Concerning Violetta Hajjar, nurse (Nursing and Midwifery Council 95B0087O).

Decision date: 29 June 2026 · Hearing started 29 June 2026

In plain English

The NMC's Fitness to Practise Committee decided to strike nurse Violetta Hajjar off the register at a review hearing on 29 June 2026. She had been suspended since July 2025 after the NMC found she failed to give a resident prescribed medication and signed the medication record as if she had.
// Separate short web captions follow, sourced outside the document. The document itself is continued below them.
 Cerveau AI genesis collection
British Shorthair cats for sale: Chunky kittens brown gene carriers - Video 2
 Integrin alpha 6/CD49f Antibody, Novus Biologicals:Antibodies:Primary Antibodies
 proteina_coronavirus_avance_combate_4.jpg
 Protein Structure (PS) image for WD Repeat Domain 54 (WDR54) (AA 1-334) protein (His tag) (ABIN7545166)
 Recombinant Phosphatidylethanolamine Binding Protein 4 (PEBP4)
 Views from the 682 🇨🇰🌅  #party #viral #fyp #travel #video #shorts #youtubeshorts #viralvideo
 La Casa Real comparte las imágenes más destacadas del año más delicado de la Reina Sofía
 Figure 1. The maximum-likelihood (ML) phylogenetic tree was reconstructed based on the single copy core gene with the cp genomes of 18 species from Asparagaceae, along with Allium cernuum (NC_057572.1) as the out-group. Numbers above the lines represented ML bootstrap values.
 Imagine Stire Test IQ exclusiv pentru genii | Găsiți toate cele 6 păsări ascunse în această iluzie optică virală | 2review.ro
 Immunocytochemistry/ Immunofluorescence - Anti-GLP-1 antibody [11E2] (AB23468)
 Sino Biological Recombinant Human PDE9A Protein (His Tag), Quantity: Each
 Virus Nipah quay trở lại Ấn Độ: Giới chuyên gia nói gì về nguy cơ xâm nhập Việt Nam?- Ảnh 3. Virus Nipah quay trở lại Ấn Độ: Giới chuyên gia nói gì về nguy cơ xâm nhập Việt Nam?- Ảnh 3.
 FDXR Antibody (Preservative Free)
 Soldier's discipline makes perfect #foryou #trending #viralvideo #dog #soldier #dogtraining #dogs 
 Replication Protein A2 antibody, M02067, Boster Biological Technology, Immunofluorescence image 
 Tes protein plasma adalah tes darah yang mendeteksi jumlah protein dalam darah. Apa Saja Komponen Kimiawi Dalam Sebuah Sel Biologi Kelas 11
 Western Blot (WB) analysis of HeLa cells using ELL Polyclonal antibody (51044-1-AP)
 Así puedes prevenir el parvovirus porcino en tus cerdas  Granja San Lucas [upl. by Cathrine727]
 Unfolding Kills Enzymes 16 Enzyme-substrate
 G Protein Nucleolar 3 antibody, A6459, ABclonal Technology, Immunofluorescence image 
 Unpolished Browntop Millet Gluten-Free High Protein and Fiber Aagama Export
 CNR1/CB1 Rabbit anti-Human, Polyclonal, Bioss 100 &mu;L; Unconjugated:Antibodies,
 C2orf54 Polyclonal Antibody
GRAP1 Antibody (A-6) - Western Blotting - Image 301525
The panel found she had not engaged with the NMC or shown insight during two six-month suspensions, and the striking-off order takes effect on 4 August 2026.

Charges

The charges found proved at the original substantive hearing were that, on 11 May 2019, she failed to administer prescribed medication to Resident B and signed Resident B's Medication Administration Record (MAR chart) to indicate that she had administered prescribed medication when she had not.

Findings

This was the second review of a 6-month substantive suspension order originally imposed on 4 July 2025 and extended for a further 6 months on 28 January 2026. The panel found Ms Hajjar's fitness to practise remains impaired on the grounds of public protection and the wider public interest, noting no engagement with the regulatory process, no evidence of insight, reflection, remediation or strengthened practice across two consecutive six-month periods of suspension. The panel concluded that a further suspension order would serve no meaningful purpose and decided to replace the suspension order with a striking-off order, which takes effect upon the expiry of the current suspension order at the end of 4 August 2026 in accordance with Article 30(1) of the Nursing and Midwifery Order 2001.

Source

All facts on this page are drawn from the publicly published Nursing and Midwifery Council determination linked below. MedicWatch does not editorialise the regulator’s findings.